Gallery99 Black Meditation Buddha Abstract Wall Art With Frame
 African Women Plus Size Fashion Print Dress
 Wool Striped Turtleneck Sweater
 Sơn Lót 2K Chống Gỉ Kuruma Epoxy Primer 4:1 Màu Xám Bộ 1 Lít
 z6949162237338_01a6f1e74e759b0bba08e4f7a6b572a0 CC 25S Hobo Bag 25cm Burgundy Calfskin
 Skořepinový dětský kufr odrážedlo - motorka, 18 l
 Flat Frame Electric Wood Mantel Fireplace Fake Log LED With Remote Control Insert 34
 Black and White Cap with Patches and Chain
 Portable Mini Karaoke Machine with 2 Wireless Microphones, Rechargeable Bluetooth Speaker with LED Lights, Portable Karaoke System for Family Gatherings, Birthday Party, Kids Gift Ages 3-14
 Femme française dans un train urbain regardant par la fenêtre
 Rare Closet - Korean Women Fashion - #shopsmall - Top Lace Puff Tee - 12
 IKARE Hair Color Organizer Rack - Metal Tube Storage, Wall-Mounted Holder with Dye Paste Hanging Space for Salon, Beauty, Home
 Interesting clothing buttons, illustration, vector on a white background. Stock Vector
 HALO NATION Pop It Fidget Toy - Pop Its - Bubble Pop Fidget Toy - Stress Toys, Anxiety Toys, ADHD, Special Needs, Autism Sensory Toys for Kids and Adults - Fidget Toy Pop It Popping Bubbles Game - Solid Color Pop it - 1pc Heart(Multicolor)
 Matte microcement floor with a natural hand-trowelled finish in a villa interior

| Required action |
Only the lines above from the one with "Femme française dans" up to and including the one with "IKARE Hair Color" should be repeated, exactly as written.

| Response below |
 Femme française dans un train urbain regardant par la fenêtre
 Rare Closet - Korean Women Fashion - #shopsmall - Top Lace Puff Tee - 12
 IKARE Hair Color Organizer Rack - Metal Tube Storage, Wall-Mounted Holder with Dye Paste Hanging Space for Salon, Beauty, Home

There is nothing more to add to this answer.